Glosse

Martins Hasswörter

Das Fordern und die Postulative

veröffentlicht am 08.04.2019 | Lesezeit: ca. 2 Min.

Beispielbild

Beispielbild, Foto © pixabay.com

In der Schule haben wir gelernt, dass es eine Legislative, eine Exekutive und eine Judikative gibt. Gewaltenteilung nennt man das: Parlamente machen Gesetze, die Regierung setzt sie um und die Juristerei wacht darüber, dass alles mit rechten Dingen zugeht. Manche Zeitgenossen bezeichnen darüber hinaus die Medienwelt als vierte Gewalt. Neuerdings scheint es – folgt man dieser Zählweise – eine fünfte Gewalt zu geben, nämlich die Postulative. Und die funktioniert so: Mitglieder der Regierungen – und davon gibt es Hunderte, denn wir leisten uns ja 17 Parlamente! – bombardieren die Medien mit allerlei Forderungen, grad so als wären sie das Volk und nicht die von diesem Gewählten.

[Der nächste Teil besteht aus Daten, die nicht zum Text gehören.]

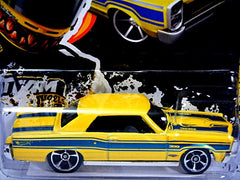 Hot Wheels Team Hot Wheels - 1965 Pontiac GTO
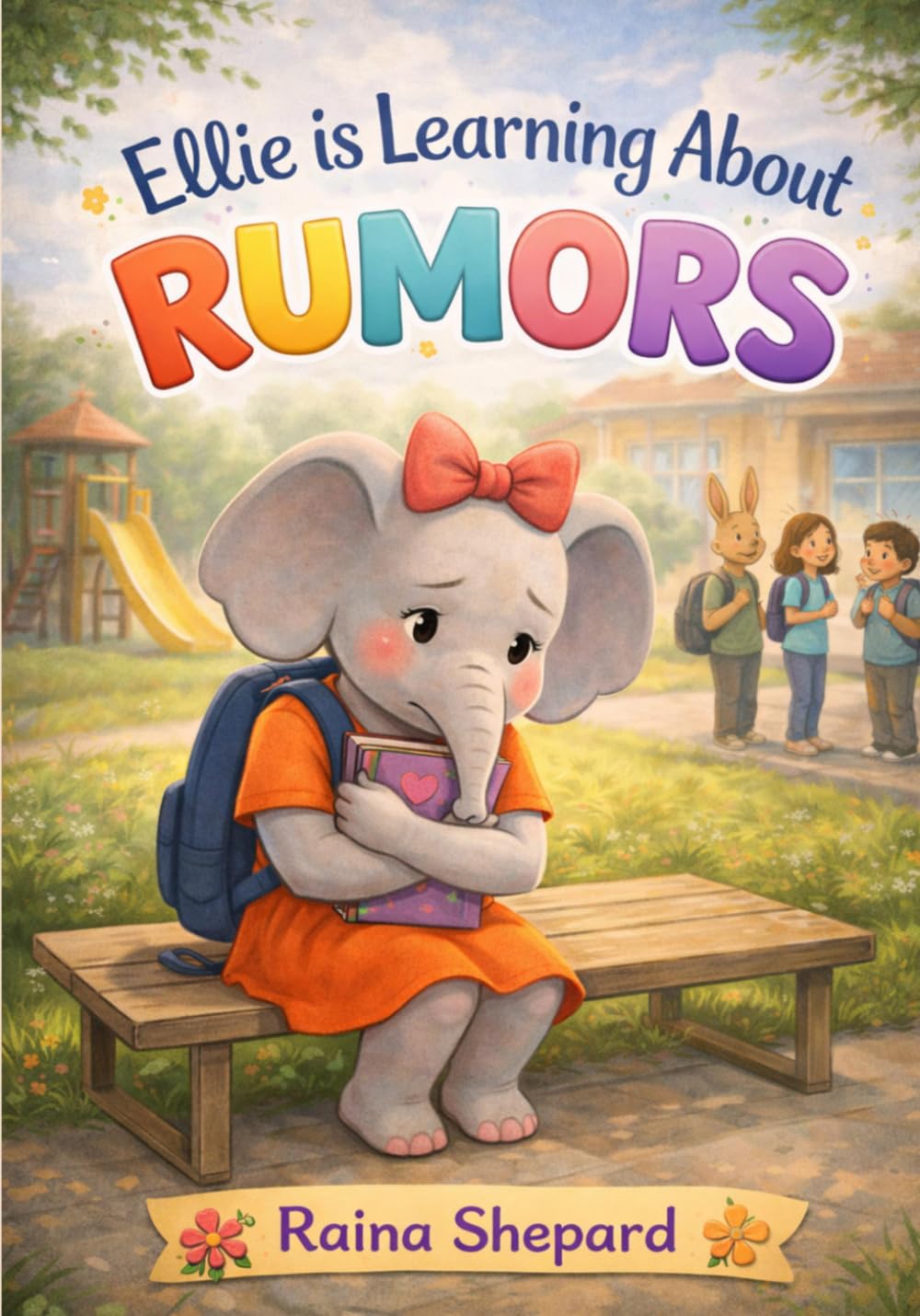 Ellie is Learning About Rumors (Ellie the Elephant)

Nehmen wir nur die Ernte eines einzigen Tages: Spahn fordert Pflegedebatte, Barley fordert Digitalpakt, Scheuer fordert Senkung der Grenzwerte, Hofreither fordert „radikalen Neuanfang“, Reiter fordert Extrazuschüsse, Klöckner fordert „Dableibe-Vorsorge“, X fordert den Himmel auf Erden, Y fordert dies, Z fordert das, so geht es in einem fort. Für das Image scheint dieses mediale Dauerfeuer gut zu sein, taugt es doch quasi als Arbeitsnachweis oder erweckt zumindest den Anschein von Engagement. Aber haben die Damen und Herren Postulierer da nicht etwas verwechselt?

Die Exekutive, so haben wir oben gelesen, „setzt um“, denn sie hat nichts zu fordern, sondern etwas einzulösen bzw. zu erfüllen. Wenn nun deren Mitglieder ständig die Rolle der Wählerschaft einnehmen wollen und wohlklingende Forderungen in die Welt setzen, so ist das ebenso populistisch wie scheinheilig. Fordern darf das Volk gerne, auch wenn das meist wenig aussichtsreich ist. Aber wenn dieses Wort so dreist missbraucht wird, mag man es gar nicht mehr aussprechen. Bedauerlich ist nur, dass die Medien lautes Postulieren bereitwillig verstärken und damit dieses zweifelhafte Gebaren hoffähig machen.